Amazon announced in July that it was acquiring Whole Foods Market for $13.7 billion. The deal included some 440 stores nationwide — including about 18 in New Jersey — and a major opportunity for Amazon to expand its distribution network. — Courtesy: Whole Foods
By Joshua Burd
The news of Amazon’s $13.7 billion acquisition of Whole Foods Market this summer came with a bit of irony: Many bricks-and-mortar supermarkets in New Jersey and elsewhere had offered online delivery for years, but Whole Foods wasn’t among them.
But at the very least, the deal signaled to those other operators that Whole Foods is not to be taken lightly, especially with Amazon’s stated goal of lowering the chain’s notoriously high prices.
“They’re watching very closely,” said Matthew Casey, a Clark-based supermarket consultant and owner of Matthew P. Casey & Associates Inc. “It’s such a narrow, slim margin that they’re watching very carefully.”
Experts say the blockbuster deal, which followed six consecutive quarters of declining sales by Whole Foods, will stoke additional competition in an industry that is already fiercely competitive. Supermarkets remain among the most coveted anchor tenants for retail landlords, with experts noting that having Amazon as a parent company can only help the appeal of having one of the roughly 440 Whole Foods stores in their shopping center.
The chain has 18 locations in the Garden State and was in the midst of expanding at the time of the deal, having opened new stores this year in locations such as Newark and Metuchen. In recent months, the company also broke ground in Weehawken on a planned Whole Foods 365 store, the first in the state for the concept focused on convenience and affordability.

But the design and function of those spaces could soon change under Amazon, which experts believe will use the stores to create a network of pickup and distribution hubs.

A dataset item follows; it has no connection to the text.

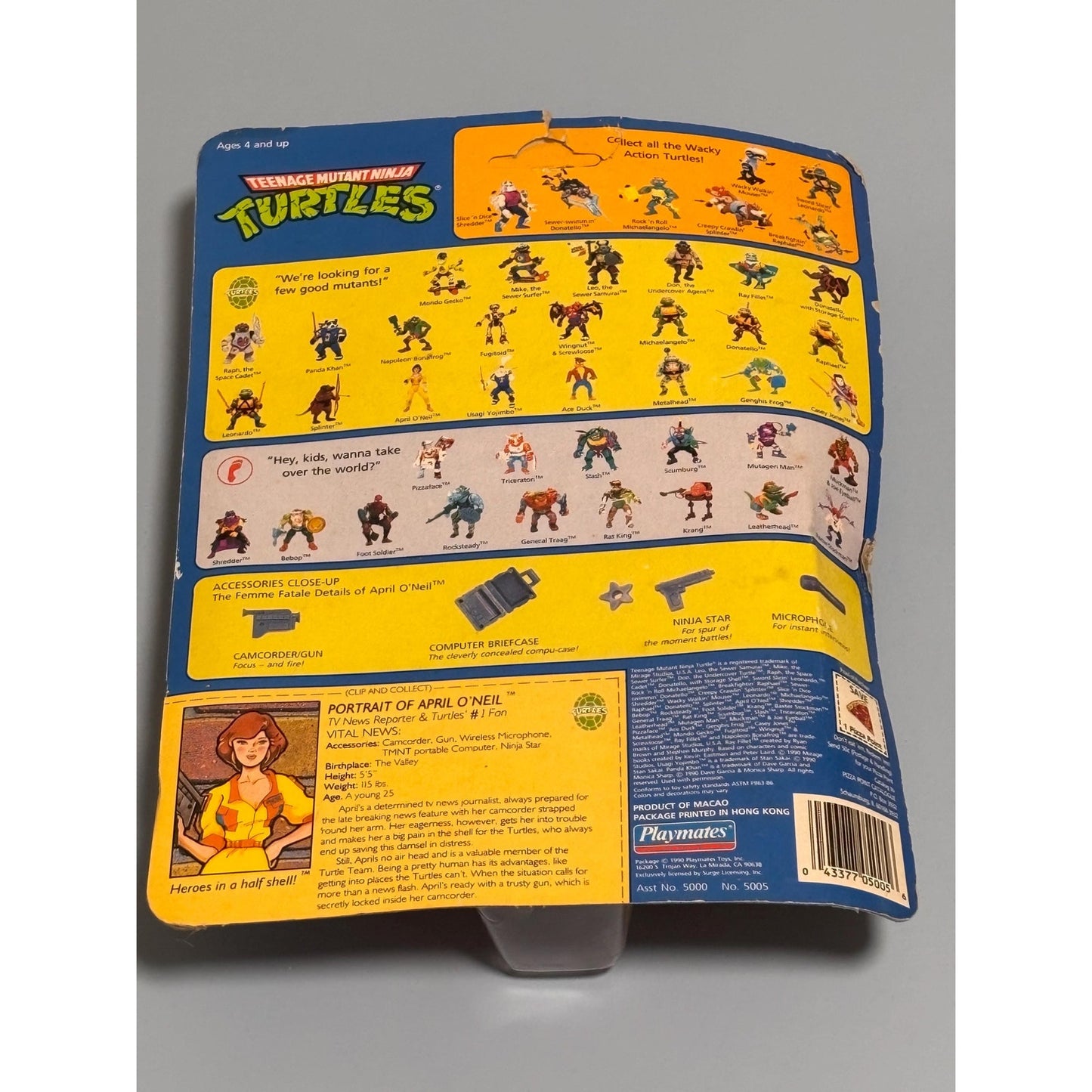 TMNT Teenage Mutant Ninja Turtles April O’Neil Orange Stripes Unpunched New 1990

Ken Fioretti, a retail broker with NAI James E. Hanson, noted that there are still vacancies in the state as a result of the Great Atlantic & Pacific Tea Co. bankruptcy in 2015, which has prompted those landlords to consider subdividing the spaces as time goes on.
Amazon and Whole Foods could change that.

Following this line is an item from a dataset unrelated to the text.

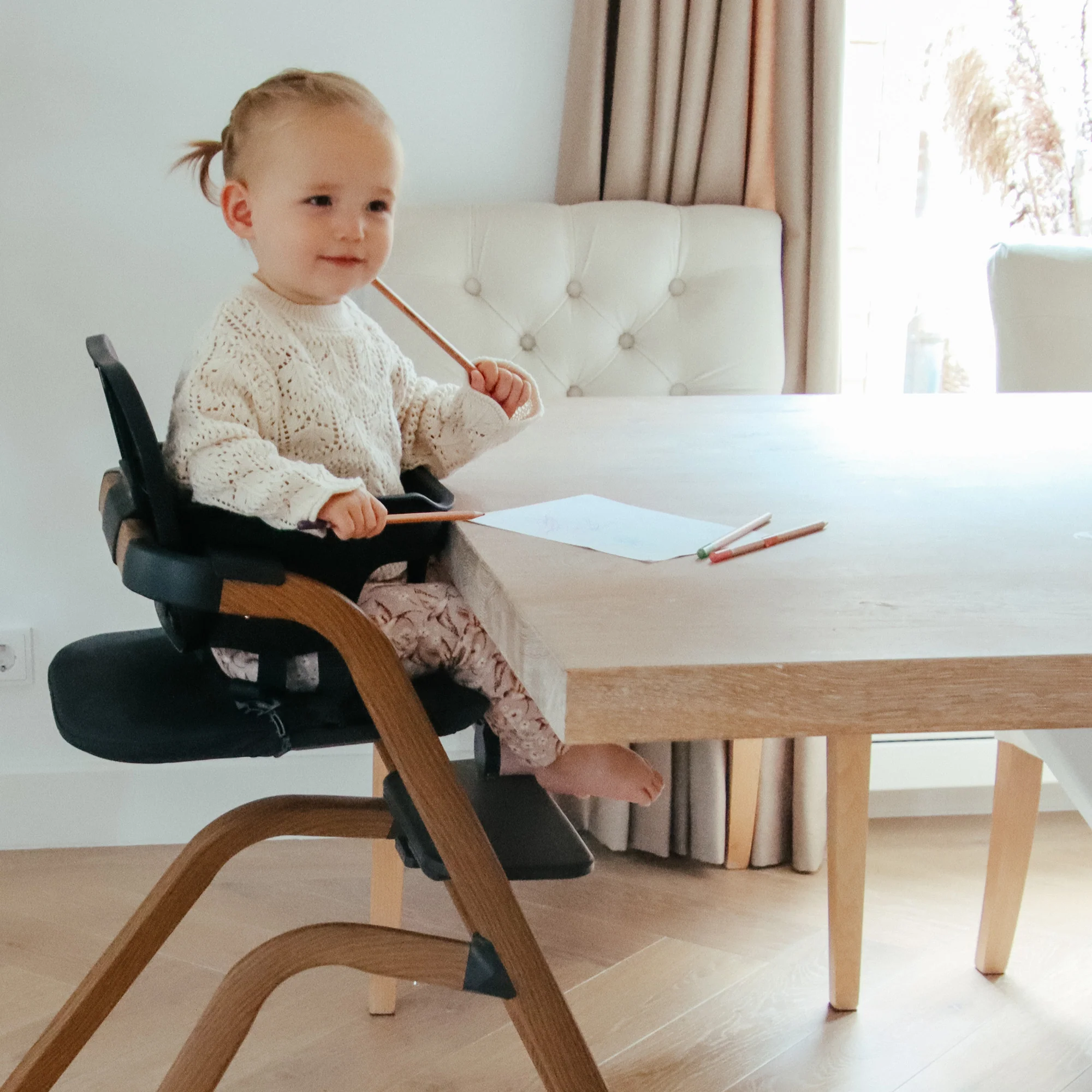 Curve Highchair Set Complete - zawiera leżaczek i poduszkę - czarny - Image 7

“For Whole Foods, instead of taking an entire 40,000- or 50,000-square-foot box, maybe they just take (20,000 or 30,000) for the retail portion, but they also use it for their distribution,” said Fioretti, a sales associate based in NAI Hanson’s Parsippany office. “There are definitely quite a few out there that are still perfectly good locations, but just haven’t gone anywhere yet,” he added. “So I have a feeling that Amazon or Whole Foods is going to be looking at these a lot more closely and saying, ‘If we’re going to create a distribution network, which holes in the market are these going to fill for us and where can we best do our distribution?’ ”
That could send a message to operators such as ShopRite, Stop and Shop and Acme to move on locations for which they’ve been hesitant. The operators have been slow to act in certain municipalities because they are on the cusp of being too close to an existing store, Fioretti said, but with Amazon’s plans, the chains “are going to want to protect their markets.”
He also noted that landlords who have now had a vacant supermarket space for more than two years have lowered their asking rents, creating additional opportunities for a new entrant.
Add in the fact that Casey feels there is still plenty of room for Whole Foods to grow in New Jersey, whether in upscale communities that would welcome the traditional concept or in urban, mixed-income areas that would meet the criteria for Whole Foods 365.
In any case, he said there’s little doubt the supermarket industry will be watching closely. He pointed to examples such as in the 1980s, when grocery chains reacted to the growth of wholesale clubs by offering their own “club pack” sizes, or when the spread of Boston Market pushed supermarkets to sell rotisserie chickens in order to keep the convenience customer.
Many top bricks-and-mortar chains have long since confronted the threat of online delivery, and Casey expected them to react accordingly to whatever Amazon has in store for Whole Foods.
“Supermarkets are very good at reacting to competitive threats,” he said.